**ACTIVITY:** A partial copy is required: transcribe exactly the lines from the one containing "Young Girl Leaning" through the last line below, without any pictures.

___ MATERIAL TO PROCESS ___

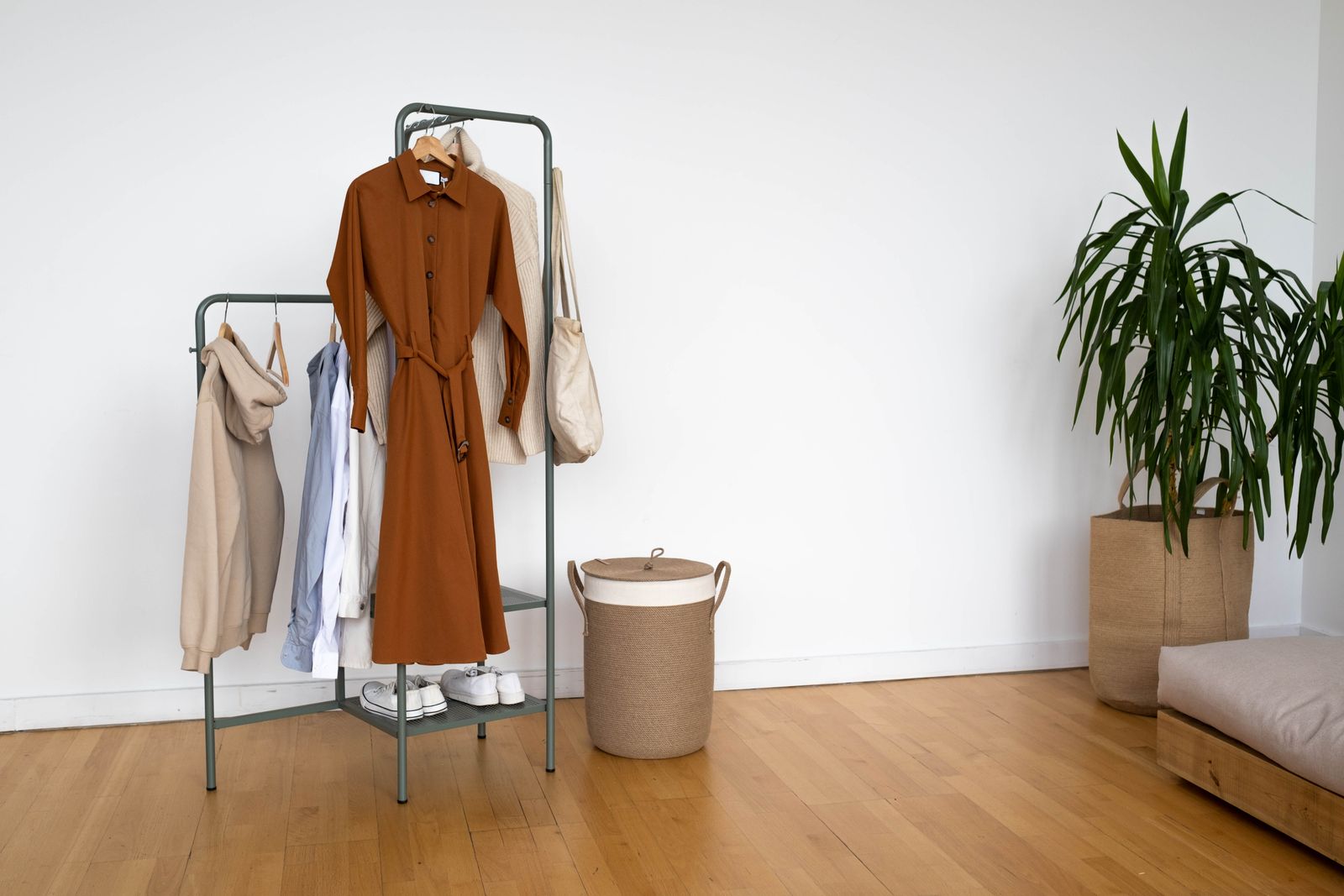 Minimal capsule wardrobe for men — neutral shirts and trousers on a clothes rack in a modern interior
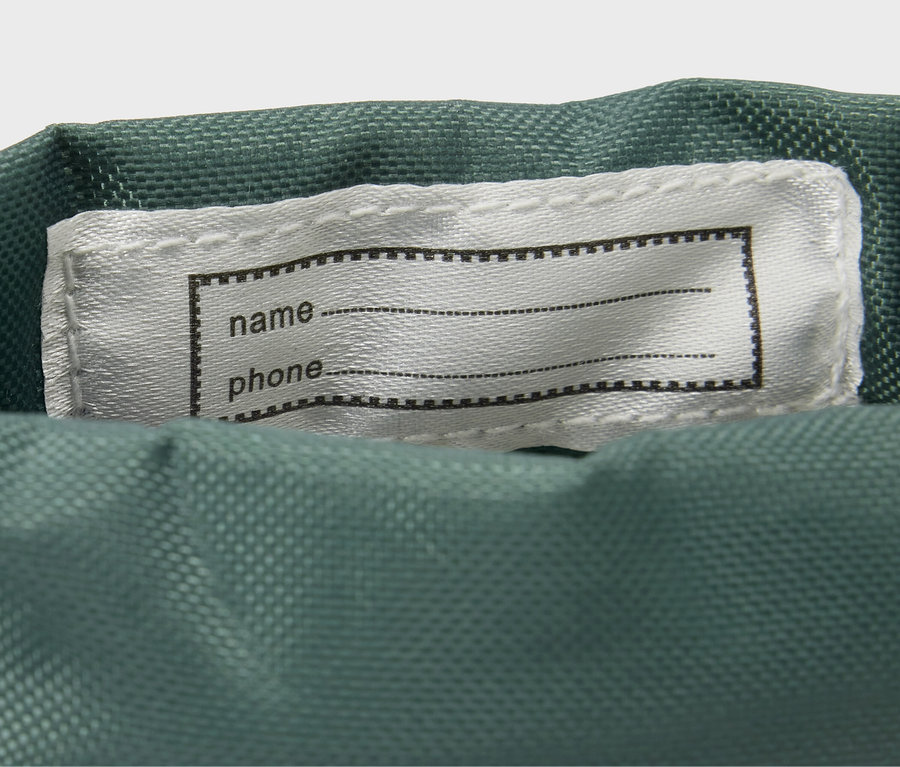 Detail von Kinder-Gummistiefeln mit Tier-Alloverprint und einem Etikett für Name und Telefon.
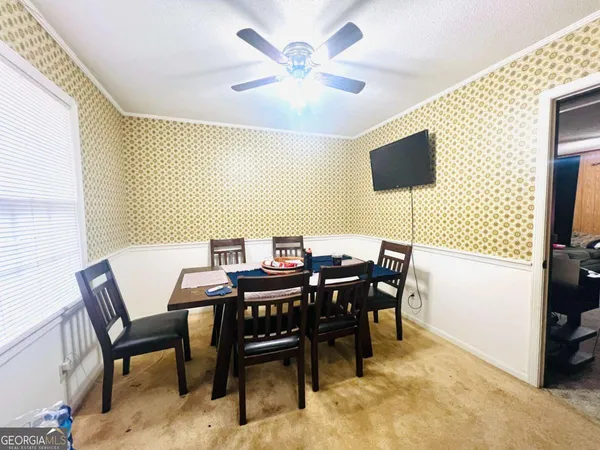 a view of a dining room with furniture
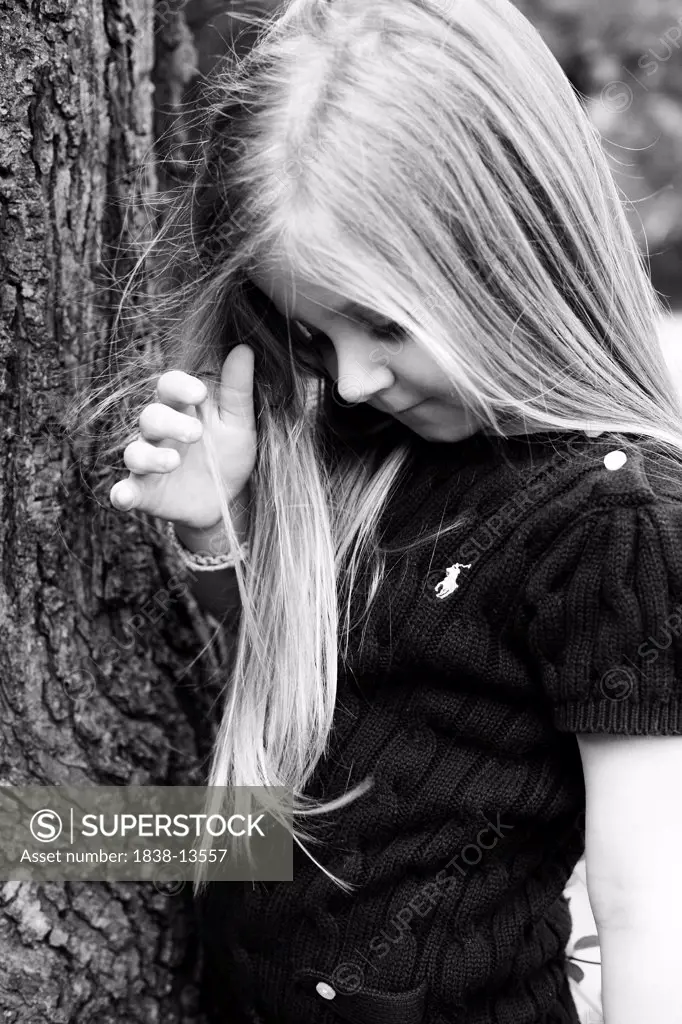 Young Girl Leaning Against Tree and Looking Down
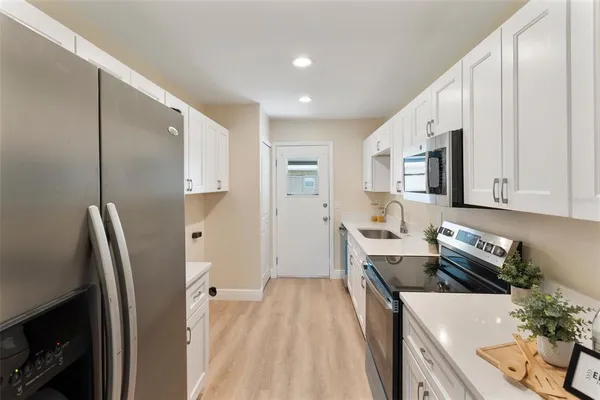 a bedroom with a bed and a lamp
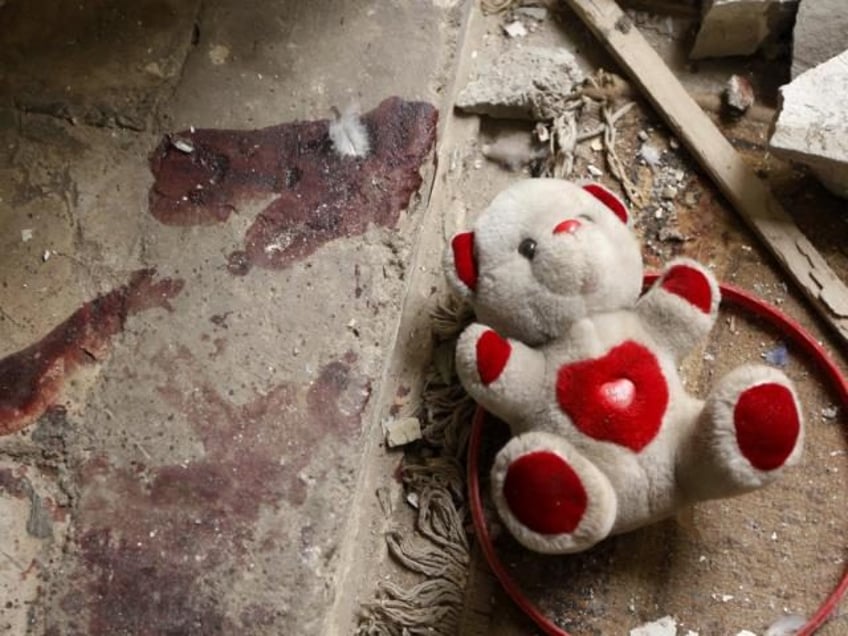 Teddy Bear at crime scene. (AP File Photo/Hadi Mizban)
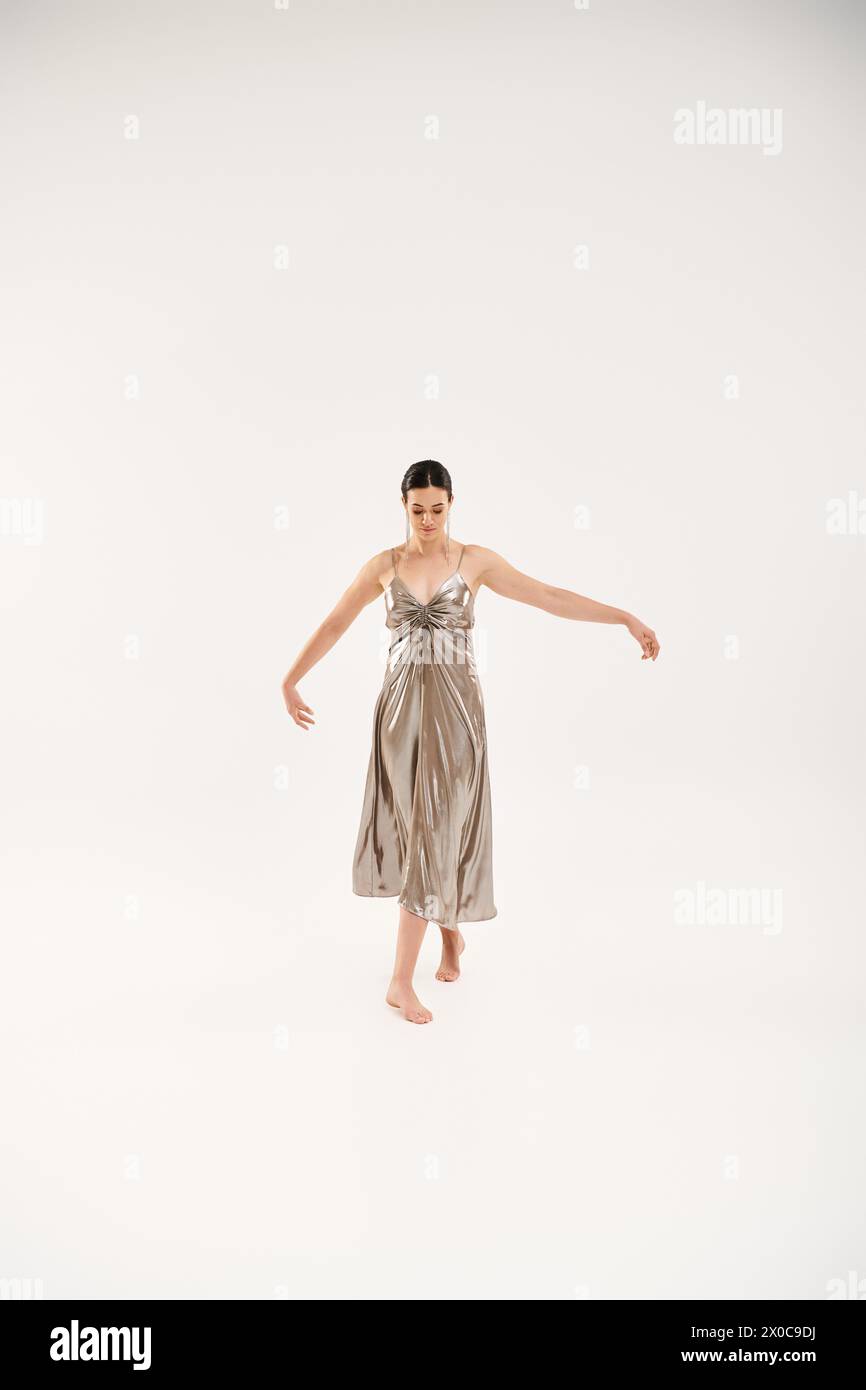 Eine junge Frau tanzt elegant in einem fließenden silbernen Kleid. Stockfoto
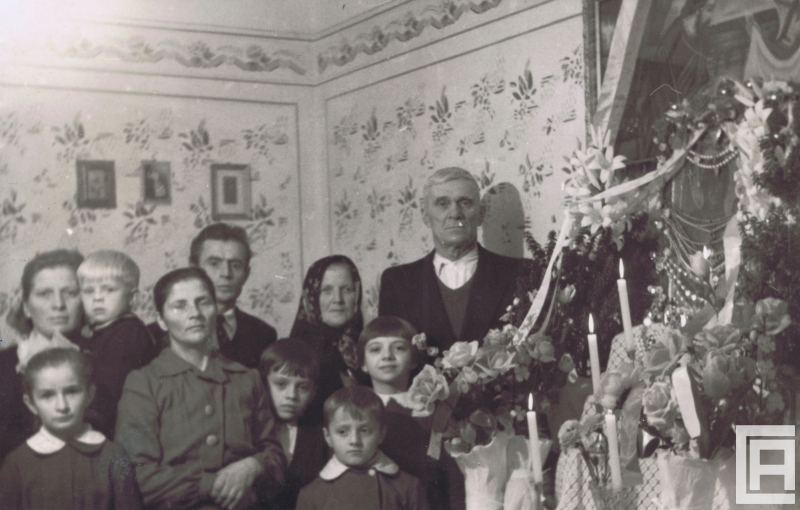 Zdjęcie rodziny wielopokoleniowej, przedstawia 10 osób. Z tyłu widoczne zdjęcie komunijne. Z prawej widoczna rama świętego obrazu.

___

**EXPECTED ANSWER:**
 Young Girl Leaning Against Tree and Looking Down
 a bedroom with a bed and a lamp
 Teddy Bear at crime scene. (AP File Photo/Hadi Mizban)
 Eine junge Frau tanzt elegant in einem fließenden silbernen Kleid. Stockfoto
 Zdjęcie rodziny wielopokoleniowej, przedstawia 10 osób. Z tyłu widoczne zdjęcie komunijne. Z prawej widoczna rama świętego obrazu.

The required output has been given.